§ Task description
Omit every picture and write out the rest of the records exactly.
━━━━━ Task input
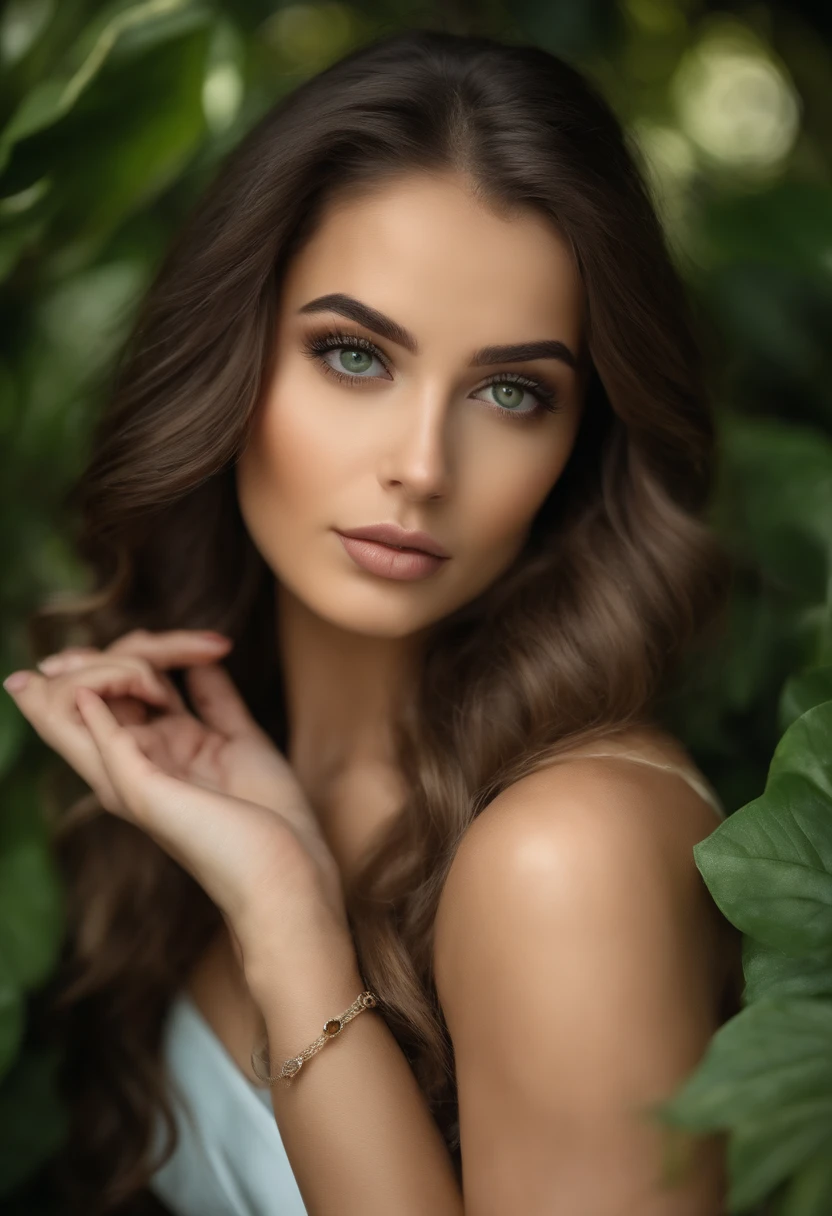 A mais alta qualidade de imagem, Detalhes marcantes, ultra-high resolution, (realismo: 1.4) mulher na cueca e um colar, com olhos verdes, Retrato Sophie Mudd, cabelos castanhos e olhos grandes, selfie de uma jovem mulher, Olhos do quarto, Violeta Myers, sem maquiagem, maquiagem natural, Looking directly at the camera, Rosto com ArtGram, maquiagem sutil, Impressionante tiro de corpo inteiro, olhos verdes penetrantes,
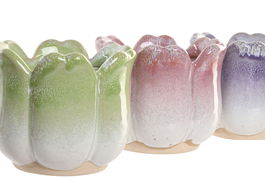 DKD Home Decor Macetero Shabby Rosa Lila 13 x 11 x 14 cm (6 Unidades) Cerámica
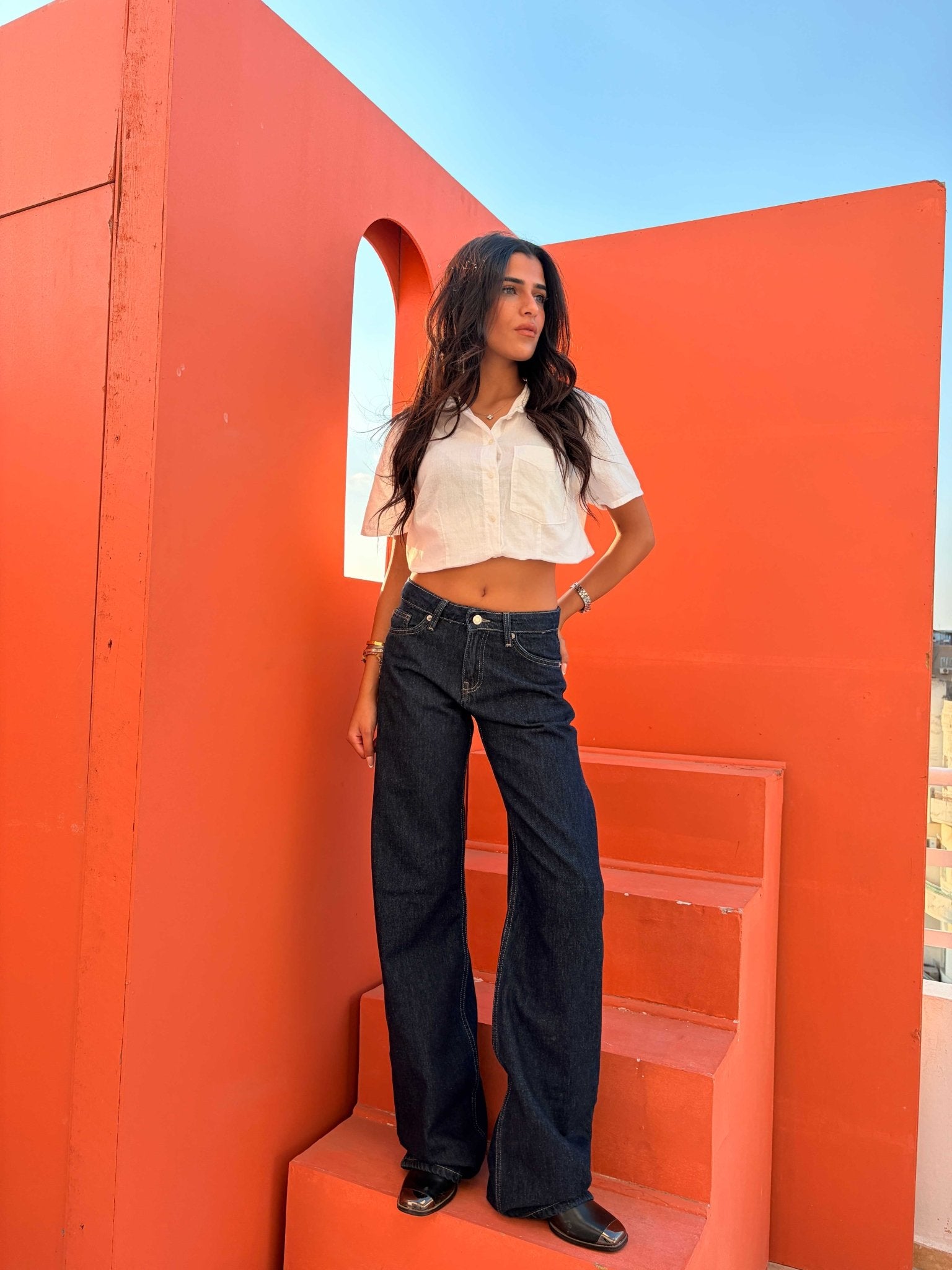 Wide Leg – Low Waist Raw Denim Jeans Wide-Leg CIZARO - Cizaro Jeans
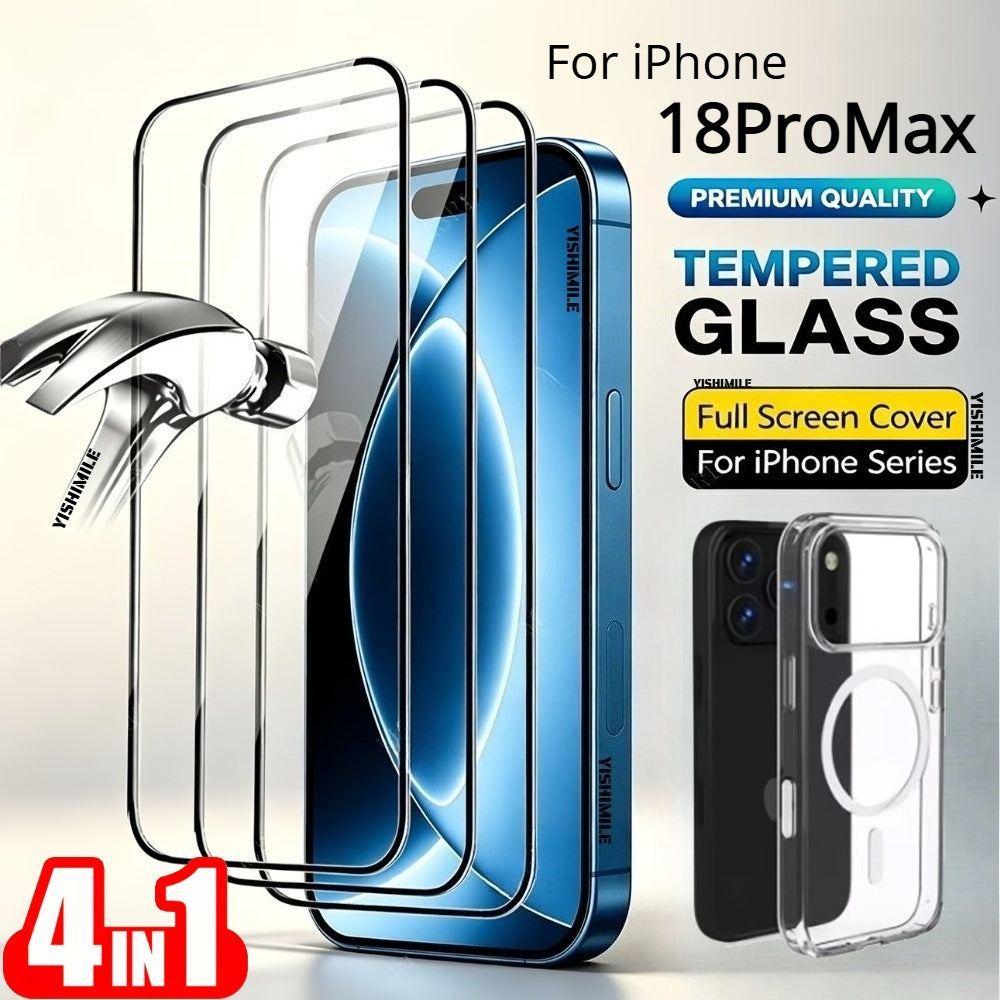 Tempered Glass Screen Protectors & Phone Case for iPhone Models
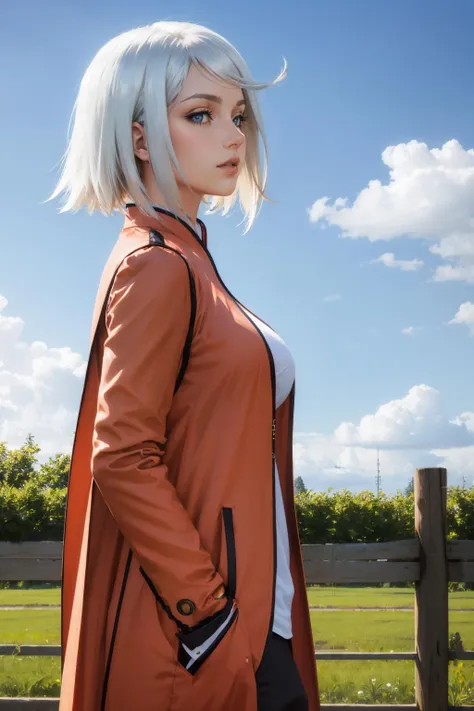 masterpiece, best quality, rainesage, orange coat, white shirt, black pants, looking at viewer, from side, walking, farm, fence, sky, medium breasts <lora:rainesage-nvwls-v1-000009:0.9>
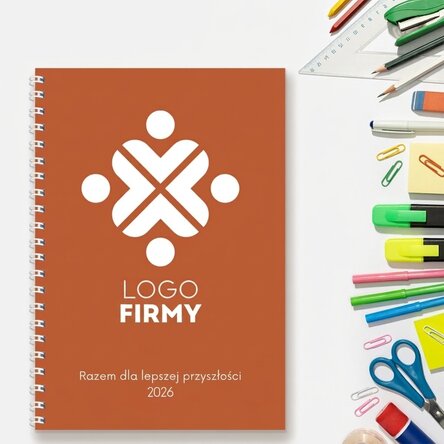 Spis z własnym logo i hasłem reklamowym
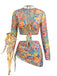 1940s Floral Print Bikini Set 4PCS, vintage swimsuit, pin-up swimwear - perfect for women who love vintage and retro fashion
━━━━━━━━━━
§ Result of the exercise
 A mais alta qualidade de imagem, Detalhes marcantes, ultra-high resolution, (realismo: 1.4) mulher na cueca e um colar, com olhos verdes, Retrato Sophie Mudd, cabelos castanhos e olhos grandes, selfie de uma jovem mulher, Olhos do quarto, Violeta Myers, sem maquiagem, maquiagem natural, Looking directly at the camera, Rosto com ArtGram, maquiagem sutil, Impressionante tiro de corpo inteiro, olhos verdes penetrantes,
 DKD Home Decor Macetero Shabby Rosa Lila 13 x 11 x 14 cm (6 Unidades) Cerámica
 Wide Leg – Low Waist Raw Denim Jeans Wide-Leg CIZARO - Cizaro Jeans
 Tempered Glass Screen Protectors & Phone Case for iPhone Models
 masterpiece, best quality, rainesage, orange coat, white shirt, black pants, looking at viewer, from side, walking, farm, fence, sky, medium breasts <lora:rainesage-nvwls-v1-000009:0.9>
 Spis z własnym logo i hasłem reklamowym
 1940s Floral Print Bikini Set 4PCS, vintage swimsuit, pin-up swimwear - perfect for women who love vintage and retro fashion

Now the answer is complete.